The most powerful hurricane to threaten the Atlantic coast in more than a decade, Irma has swelled into a monster force with maximum sustained winds near 185 mph, according to the National Hurricane Center. The center said Irma's "extremely dangerous core" would move over the Leeward Islands on Wednesday morning before heading toward the northern Virgin Islands and Puerto Rico later in the day.
Throughout the American territories and other Caribbean islands in Irma's path, residents watched the storm with fear, wondering whether they would emerge from Irma with destroyed homes or no electricity for months. Irma's eye passed over Barbuda at around 1.47 am on Wednesday, the National Weather Service said, while on the French Caribbean islands of St Martin and St Barthelemy, residents were ordered to remain indoors.
According to the Capital Weather Gang, Barbuda took a direct hit and the weather station there registered a wind gust of 155 mph hour before going offline, while the storm surge on the island — or the swell of water above normally dry land — reached at least 8 feet.
By Wednesday morning, the National Hurricane Center said Irma's eye had passed over St. Martin and warned that the storm could bring dangers including life-threatening storm surges, destructive winds, flash floods and mud slides to Cuba, Haiti, the Dominican Republic, the Bahamas and beyond.
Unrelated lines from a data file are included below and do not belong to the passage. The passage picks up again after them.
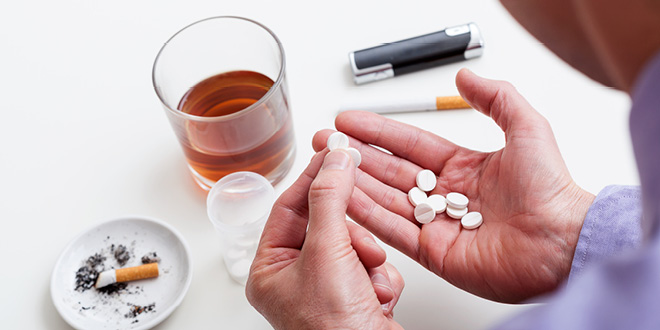 Why do people self-medicate with alcohol and drugs?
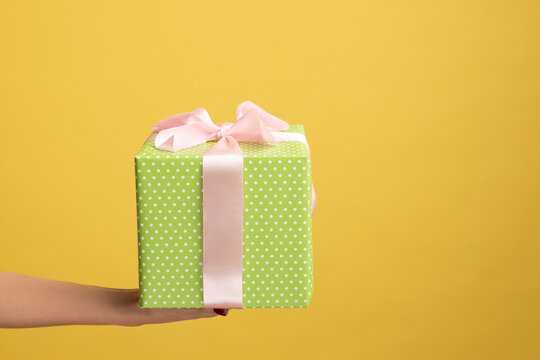 Closeup Side View Of Woman Hand Holding Out Green Gift Box With Ribbon, Giving Present On Holiday, Bonuses And Surprises Concept. Indoor Studio Shot Isolated On Yellow Background.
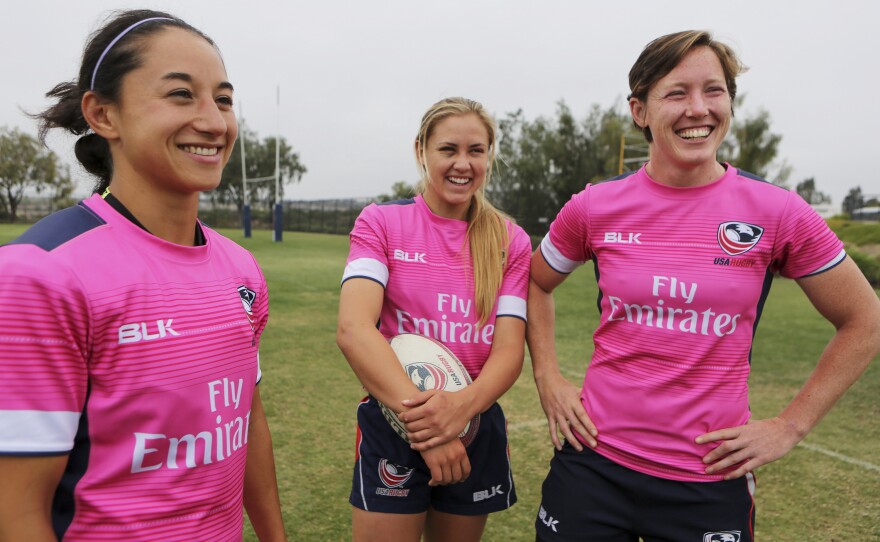 Kelly Griffin (left), Richelle Stephens and Jillion Potter stand together during practice.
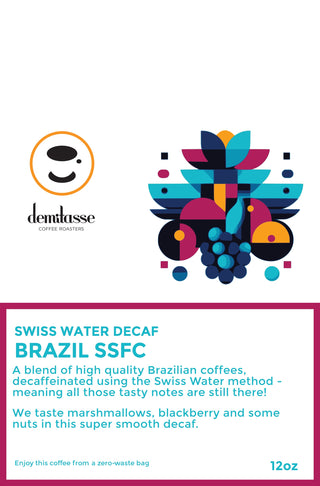 Demitasse Coffee Roasters logo next to a bright abstract fruit illustration on Swiss Water Decaf Brazil 12 oz packaging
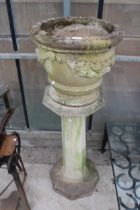 A LARGE RECONSTITUTED STONE PLANTER ON COLUMN PEDESTAL BASE (H:132CM)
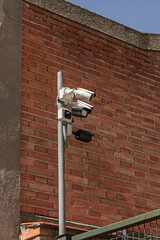 Outdoor surveillance cameras attached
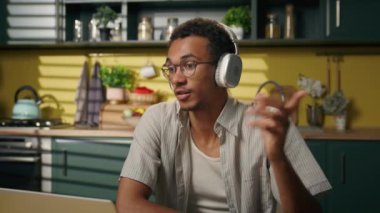 Gülümseyen Afrikalı Amerikalı etnik erkek iş adamı ev mutfağında online video konferansında serbest çalışan bilgisayar konuşmaları kulaklıkla iletişim kurma eğitimi alan.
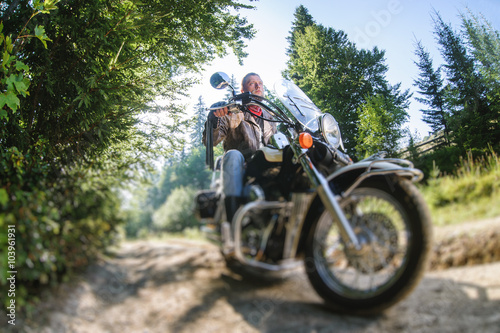 Young biker with beard driving his cruiser motorcycle in the forest. Man is wearing leather jacket and blue jeans. Low point of view. Tilt shift lens blur effect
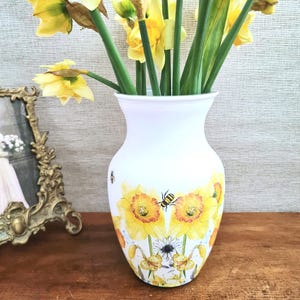 May include: A white vase with a floral design featuring yellow sunflowers and bees. The vase holds a bouquet of yellow daffodils with green stems and leaves. A gold framed picture is on the left.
Further north, the Florida Keys on Wednesday morning ordered the first mandatory evacuations triggered by Irma in the United States. Monroe County,
which includes the Keys and covers the southernmost stretch of the Sunshine State, began mandatory evacuations of tourists and visitors on Wednesday morning. The county is also home to some 80,000 residents, who were ordered to evacuate beginning Wednesday evening.
In Key West, hotels closed down ahead of the evacuation order and the airport was scheduled to halt operations later Wednesday.